Speaking about throws declarations - you can choose whether to make them specific or general. Specific will tend to be implementation dependent, which is problematic for loosely coupled, interface-based architectures (as discussed here http://radio.weblogs.com/0122027/stories/2003/04/01/JavasCheckedExceptionsWereAMistake.html). It also raises versioning and compability issues.
General throws declarations (like throws Exception) just defeats the concept. That’s like implicit anyway if they were unchecked in the first place.
Most definitely a vote from me!
[Sverre H. Huseby] - Jun 26, 2007
As I tend to do what Johannes says, I just voted.
Tomas Ekeli - Jun 26, 2007
You make good points, in a shout-it-from-the-mountains kind of way. I don’t agree with you, but you make good points.
Johannes Brodwall - Jun 26, 2007
Hi, Tomas
Thanks for the comment and for the kind words. I take it that you have a different experience? I understand from your blog that you also program .NET Maybe you have a good story on what kind of problems you run into that would’ve been avoided with checked exceptions?
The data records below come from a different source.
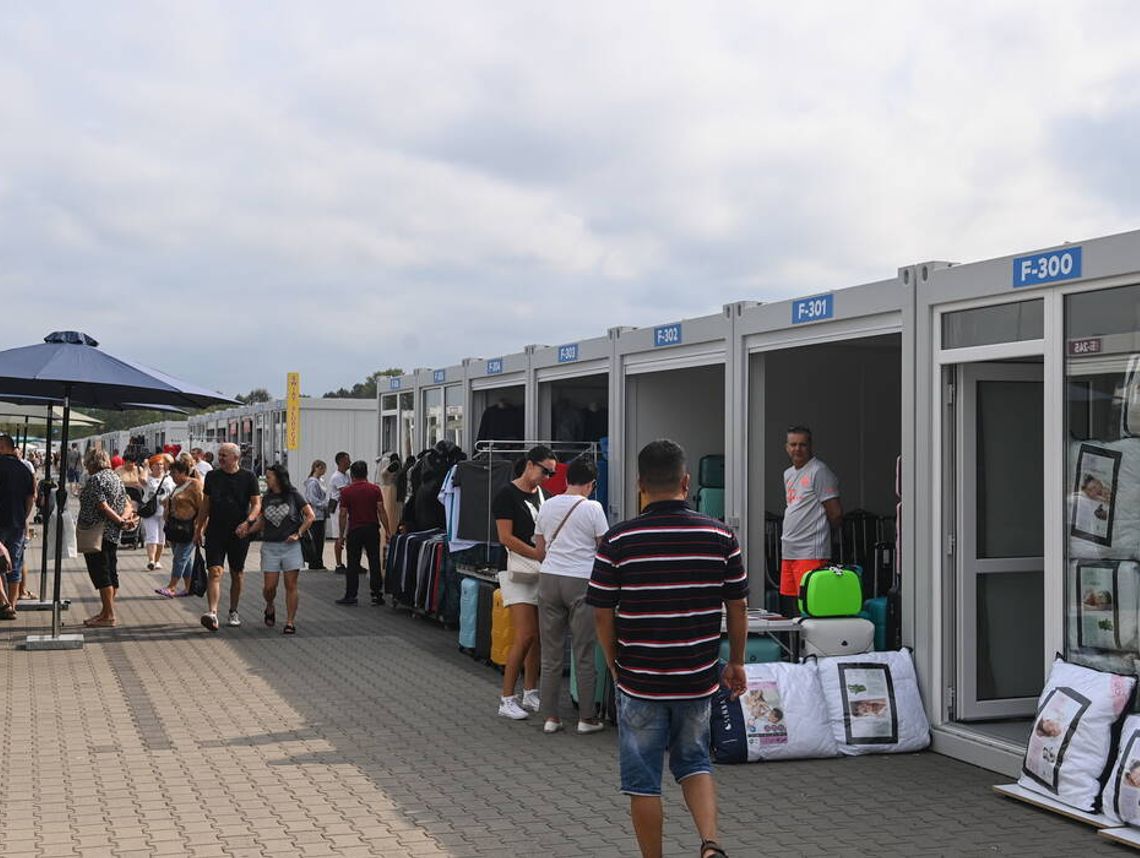 Tak obecnie wygląda Tymczasowe Miasteczko Handlowe Marywilska 44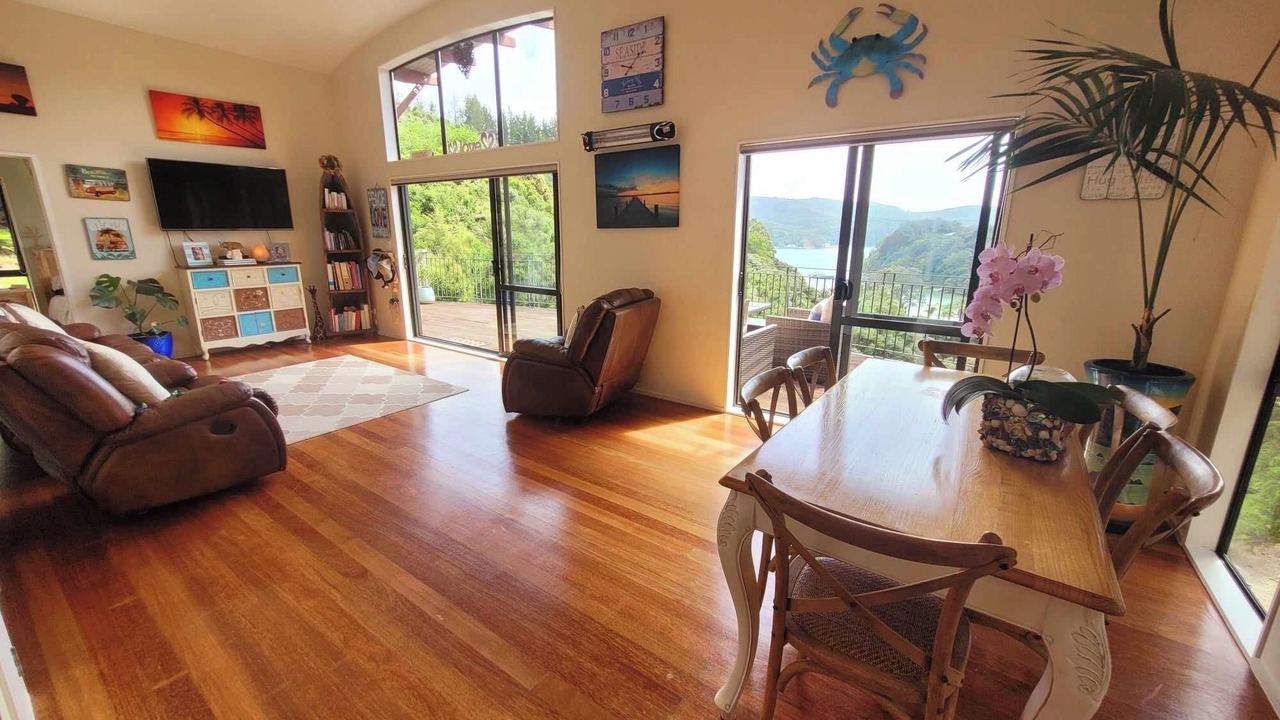 Photo of Livingroom in Kawau Island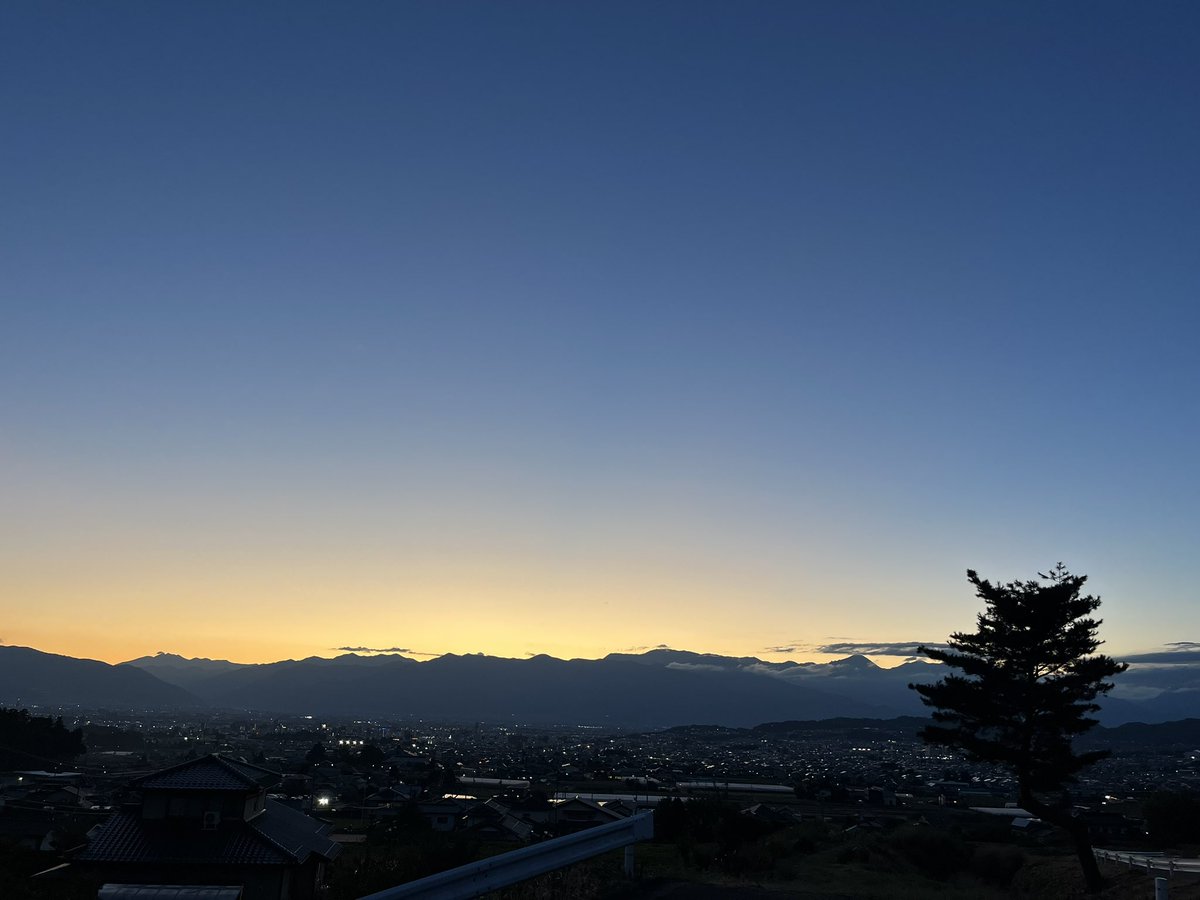 yajicooo's tweet photo. 平地でもこんな景色見れて🥹

2日連日での講習会。一日中ずっと座ってるの辛かったー

坂道ダッシュして自分の重さ体感😢 https://t.co/OhozhxWCZ1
[Trond Arve Wasskog] - Jun 26, 2007
Hear hear! Checked exceptions is an abomination. Vote now!
Tomas Ekeli - Jun 26, 2007
Yes, indeed. You did give me an idea for a post :)
Bjørn Bjerkeli - Jun 30, 2007
Hi have been arguing for a long time, and I think most of us (that actually program i java, not just read articles bout it) agree that checked exceptions ar bad. Pretty disappointing to see however how the poll acually goes in favor of keeping them.
It seems that one of the major problems that the java-community is facing, is that devlopers tend to argue in favor of something that seems to be good in theory but that doesn’t necessarily work in practice. We need to keep this in mind, and we need write code and read code to actually understand this.
Thomas Kjeldahl Nilsson - Jun 26, 2007
Voted Checked exceptions = one of the more annoying java quirks after I got back into other languages on a daily basis. “Why do I have to deal with this crap?”